Definite Integrals: Areas and Volumes

Answers

(a)

\ln (x^2 + 2 x + 1) + \frac{3}{x+1} + c.

(b)

\ln \frac{16}{9}.

Full solutions

(a)

\begin{align*} & \int \frac{2x-1}{x^2 + 2 x + 1} \mathop{\mathrm{d}x} \\ &= \int \frac{2x+2}{x^2 + 2 x + 1} \mathop{\mathrm{d}x} - \int \frac{3}{x^2 + 2 x + 1}\mathop{\mathrm{d}x} \\ &= \ln (x^2 + 2 x + 1) - \int \frac{3}{(x + 1)^2} \mathop{\mathrm{d}x} \\ &= \ln (x^2 + 2 x + 1) + \frac{3}{x + 1} + c \; \blacksquare \end{align*}

(b)

\begin{align*} & \int_0^2 \frac{|2x-1|}{x^2 + 2 x + 1} \mathop{\mathrm{d}x} \\ &= - \int_0^{\frac{1}{2}} \frac{2x-1}{x^2 + 2 x + 1} \mathop{\mathrm{d}x} + \int_{\frac{1}{2}}^2 \frac{2x-1}{x^2 + 2 x + 1} \mathop{\mathrm{d}x} \\ &= - \left[ \ln (x^2 + 2 x + 1) + \frac{3}{x + 1} \right]_0^{\frac{1}{2}} \\ & \qquad \quad + \left[ \ln (x^2 + 2 x + 1) + \frac{3}{x + 1} \right]_{\frac{1}{2}}^2 \\ &= - \left( \ln \frac{9}{4} + \frac{3}{\frac{3}{2}} - \ln 1 - 3 \right) + \left( \ln 9 + \frac{3}{3} - \ln \frac{9}{4} - \frac{3}{\frac{3}{2}} \right) \\ &= - \ln \frac{9}{4} + 1 + \ln 9 - \ln \frac{9}{4} - 1 \\ &= \ln \frac{16}{9} \; \blacksquare \end{align*}

Question Commentary

My typical recommendation for all integration techniques question: for the first step check if the ${f'(x)}$ formulas.
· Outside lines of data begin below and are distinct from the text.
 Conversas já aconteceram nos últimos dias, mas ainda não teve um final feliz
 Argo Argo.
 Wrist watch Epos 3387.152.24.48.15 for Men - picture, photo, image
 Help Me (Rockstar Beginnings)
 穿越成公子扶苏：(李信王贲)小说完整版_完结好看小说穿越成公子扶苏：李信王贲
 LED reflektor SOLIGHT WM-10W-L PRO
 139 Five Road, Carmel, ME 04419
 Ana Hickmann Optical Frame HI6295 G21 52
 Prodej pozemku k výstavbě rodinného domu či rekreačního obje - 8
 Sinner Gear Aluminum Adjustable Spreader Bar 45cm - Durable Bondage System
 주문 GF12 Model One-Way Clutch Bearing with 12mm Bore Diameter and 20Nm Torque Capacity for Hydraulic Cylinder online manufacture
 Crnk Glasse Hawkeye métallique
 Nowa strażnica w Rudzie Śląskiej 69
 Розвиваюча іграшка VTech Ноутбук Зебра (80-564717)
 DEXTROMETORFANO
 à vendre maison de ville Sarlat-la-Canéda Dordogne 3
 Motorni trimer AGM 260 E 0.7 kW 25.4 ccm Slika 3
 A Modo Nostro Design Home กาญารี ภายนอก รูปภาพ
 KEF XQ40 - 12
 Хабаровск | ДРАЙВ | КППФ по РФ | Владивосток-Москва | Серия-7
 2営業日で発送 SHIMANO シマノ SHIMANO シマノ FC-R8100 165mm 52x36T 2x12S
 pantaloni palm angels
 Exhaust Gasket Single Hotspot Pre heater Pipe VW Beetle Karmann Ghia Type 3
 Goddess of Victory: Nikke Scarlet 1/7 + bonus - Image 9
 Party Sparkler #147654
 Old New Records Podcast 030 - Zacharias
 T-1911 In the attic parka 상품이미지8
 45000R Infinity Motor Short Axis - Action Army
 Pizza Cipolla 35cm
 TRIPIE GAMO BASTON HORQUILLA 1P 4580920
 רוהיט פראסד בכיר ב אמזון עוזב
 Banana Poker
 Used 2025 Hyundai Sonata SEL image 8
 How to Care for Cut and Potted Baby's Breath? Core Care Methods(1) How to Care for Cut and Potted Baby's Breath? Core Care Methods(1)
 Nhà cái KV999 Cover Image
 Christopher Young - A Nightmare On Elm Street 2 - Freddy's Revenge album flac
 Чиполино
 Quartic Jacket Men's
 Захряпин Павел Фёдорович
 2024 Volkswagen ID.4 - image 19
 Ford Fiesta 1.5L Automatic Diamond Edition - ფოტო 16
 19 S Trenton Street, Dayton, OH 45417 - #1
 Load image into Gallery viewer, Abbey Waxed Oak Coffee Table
For part (a) of the question they almost do, so the trick for the question is to "force" ${f'(x)}$ via addition/subtraction and splitting up into two integrals. The second integral is then done via factorization/completing the square.

Part (b) tests on the integration of modulus functions. It doesn't come out that often (last seen in 2011 paper 1 question 5), but it's definitely in most notes/tutorials, where the trick is to split up the integral based on when the function within the modulus is positive/negative. Thereafter don't forget to use the result from part (a).